## What is expected
Retype every line below precisely as it appears.

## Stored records
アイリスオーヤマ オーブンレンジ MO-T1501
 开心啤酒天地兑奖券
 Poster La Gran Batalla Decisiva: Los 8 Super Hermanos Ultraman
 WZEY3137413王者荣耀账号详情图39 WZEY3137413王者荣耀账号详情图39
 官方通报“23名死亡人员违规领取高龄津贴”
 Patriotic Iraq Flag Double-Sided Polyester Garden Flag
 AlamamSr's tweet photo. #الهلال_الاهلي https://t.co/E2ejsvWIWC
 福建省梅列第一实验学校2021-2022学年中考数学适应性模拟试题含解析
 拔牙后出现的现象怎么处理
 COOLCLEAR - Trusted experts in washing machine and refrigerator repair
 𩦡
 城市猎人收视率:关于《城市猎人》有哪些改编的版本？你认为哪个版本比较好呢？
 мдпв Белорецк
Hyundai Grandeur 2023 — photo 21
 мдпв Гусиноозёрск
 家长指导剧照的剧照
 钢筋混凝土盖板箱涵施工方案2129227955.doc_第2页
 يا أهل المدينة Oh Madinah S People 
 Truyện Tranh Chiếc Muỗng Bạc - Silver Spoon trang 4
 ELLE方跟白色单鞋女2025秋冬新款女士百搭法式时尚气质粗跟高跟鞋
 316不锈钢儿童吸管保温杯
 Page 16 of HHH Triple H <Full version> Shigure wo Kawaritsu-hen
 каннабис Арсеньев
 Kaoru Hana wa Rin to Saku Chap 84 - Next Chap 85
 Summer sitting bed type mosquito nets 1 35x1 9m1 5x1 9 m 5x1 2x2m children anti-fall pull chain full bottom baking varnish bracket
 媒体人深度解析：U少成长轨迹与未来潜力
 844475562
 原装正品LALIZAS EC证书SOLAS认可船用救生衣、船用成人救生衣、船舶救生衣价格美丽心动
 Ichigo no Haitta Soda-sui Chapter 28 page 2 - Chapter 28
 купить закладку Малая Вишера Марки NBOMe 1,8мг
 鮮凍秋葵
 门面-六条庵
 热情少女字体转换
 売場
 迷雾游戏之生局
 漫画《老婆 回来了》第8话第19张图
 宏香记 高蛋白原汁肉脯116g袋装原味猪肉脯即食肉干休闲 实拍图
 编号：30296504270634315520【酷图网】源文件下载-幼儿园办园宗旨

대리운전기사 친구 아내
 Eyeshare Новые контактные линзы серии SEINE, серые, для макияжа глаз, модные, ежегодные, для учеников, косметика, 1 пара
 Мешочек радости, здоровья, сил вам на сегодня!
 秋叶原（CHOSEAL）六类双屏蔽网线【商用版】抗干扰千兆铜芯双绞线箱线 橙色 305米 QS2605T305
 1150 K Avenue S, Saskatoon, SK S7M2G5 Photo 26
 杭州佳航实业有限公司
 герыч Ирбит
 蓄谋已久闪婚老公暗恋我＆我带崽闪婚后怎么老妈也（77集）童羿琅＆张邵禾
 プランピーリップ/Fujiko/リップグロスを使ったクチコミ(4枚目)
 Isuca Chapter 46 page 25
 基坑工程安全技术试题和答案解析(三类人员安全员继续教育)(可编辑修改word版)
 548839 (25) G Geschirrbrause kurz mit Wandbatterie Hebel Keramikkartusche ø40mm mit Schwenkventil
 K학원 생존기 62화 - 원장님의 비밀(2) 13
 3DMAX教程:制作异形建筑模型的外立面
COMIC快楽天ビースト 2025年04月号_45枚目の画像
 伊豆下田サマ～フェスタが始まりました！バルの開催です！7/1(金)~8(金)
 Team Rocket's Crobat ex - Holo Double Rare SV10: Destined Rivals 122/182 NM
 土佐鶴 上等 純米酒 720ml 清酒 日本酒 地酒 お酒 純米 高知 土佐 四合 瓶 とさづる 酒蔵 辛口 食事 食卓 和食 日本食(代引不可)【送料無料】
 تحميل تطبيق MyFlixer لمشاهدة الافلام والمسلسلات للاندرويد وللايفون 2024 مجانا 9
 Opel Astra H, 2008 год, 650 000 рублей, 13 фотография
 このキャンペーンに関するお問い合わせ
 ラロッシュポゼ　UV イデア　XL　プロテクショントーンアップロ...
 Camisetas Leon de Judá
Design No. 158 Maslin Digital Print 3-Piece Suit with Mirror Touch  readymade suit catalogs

## Worked solution
アイリスオーヤマ オーブンレンジ MO-T1501
 开心啤酒天地兑奖券
 Poster La Gran Batalla Decisiva: Los 8 Super Hermanos Ultraman
 WZEY3137413王者荣耀账号详情图39 WZEY3137413王者荣耀账号详情图39
 官方通报“23名死亡人员违规领取高龄津贴”
 Patriotic Iraq Flag Double-Sided Polyester Garden Flag
 AlamamSr's tweet photo. #الهلال_الاهلي https://t.co/E2ejsvWIWC
 福建省梅列第一实验学校2021-2022学年中考数学适应性模拟试题含解析
 拔牙后出现的现象怎么处理
 COOLCLEAR - Trusted experts in washing machine and refrigerator repair
 𩦡
 城市猎人收视率:关于《城市猎人》有哪些改编的版本？你认为哪个版本比较好呢？
 мдпв Белорецк
Hyundai Grandeur 2023 — photo 21
 мдпв Гусиноозёрск
 家长指导剧照的剧照
 钢筋混凝土盖板箱涵施工方案2129227955.doc_第2页
 يا أهل المدينة Oh Madinah S People 
 Truyện Tranh Chiếc Muỗng Bạc - Silver Spoon trang 4
 ELLE方跟白色单鞋女2025秋冬新款女士百搭法式时尚气质粗跟高跟鞋
 316不锈钢儿童吸管保温杯
 Page 16 of HHH Triple H <Full version> Shigure wo Kawaritsu-hen
 каннабис Арсеньев
 Kaoru Hana wa Rin to Saku Chap 84 - Next Chap 85
 Summer sitting bed type mosquito nets 1 35x1 9m1 5x1 9 m 5x1 2x2m children anti-fall pull chain full bottom baking varnish bracket
 媒体人深度解析：U少成长轨迹与未来潜力
 844475562
 原装正品LALIZAS EC证书SOLAS认可船用救生衣、船用成人救生衣、船舶救生衣价格美丽心动
 Ichigo no Haitta Soda-sui Chapter 28 page 2 - Chapter 28
 купить закладку Малая Вишера Марки NBOMe 1,8мг
 鮮凍秋葵
 门面-六条庵
 热情少女字体转换
 売場
 迷雾游戏之生局
 漫画《老婆 回来了》第8话第19张图
 宏香记 高蛋白原汁肉脯116g袋装原味猪肉脯即食肉干休闲 实拍图
 编号：30296504270634315520【酷图网】源文件下载-幼儿园办园宗旨

대리운전기사 친구 아내
 Eyeshare Новые контактные линзы серии SEINE, серые, для макияжа глаз, модные, ежегодные, для учеников, косметика, 1 пара
 Мешочек радости, здоровья, сил вам на сегодня!
 秋叶原（CHOSEAL）六类双屏蔽网线【商用版】抗干扰千兆铜芯双绞线箱线 橙色 305米 QS2605T305
 1150 K Avenue S, Saskatoon, SK S7M2G5 Photo 26
 杭州佳航实业有限公司
 герыч Ирбит
 蓄谋已久闪婚老公暗恋我＆我带崽闪婚后怎么老妈也（77集）童羿琅＆张邵禾
 プランピーリップ/Fujiko/リップグロスを使ったクチコミ(4枚目)
 Isuca Chapter 46 page 25
 基坑工程安全技术试题和答案解析(三类人员安全员继续教育)(可编辑修改word版)
 548839 (25) G Geschirrbrause kurz mit Wandbatterie Hebel Keramikkartusche ø40mm mit Schwenkventil
 K학원 생존기 62화 - 원장님의 비밀(2) 13
 3DMAX教程:制作异形建筑模型的外立面
COMIC快楽天ビースト 2025年04月号_45枚目の画像
 伊豆下田サマ～フェスタが始まりました！バルの開催です！7/1(金)~8(金)
 Team Rocket's Crobat ex - Holo Double Rare SV10: Destined Rivals 122/182 NM
 土佐鶴 上等 純米酒 720ml 清酒 日本酒 地酒 お酒 純米 高知 土佐 四合 瓶 とさづる 酒蔵 辛口 食事 食卓 和食 日本食(代引不可)【送料無料】
 تحميل تطبيق MyFlixer لمشاهدة الافلام والمسلسلات للاندرويد وللايفون 2024 مجانا 9
 Opel Astra H, 2008 год, 650 000 рублей, 13 фотография
 このキャンペーンに関するお問い合わせ
 ラロッシュポゼ　UV イデア　XL　プロテクショントーンアップロ...
 Camisetas Leon de Judá
Design No. 158 Maslin Digital Print 3-Piece Suit with Mirror Touch  readymade suit catalogs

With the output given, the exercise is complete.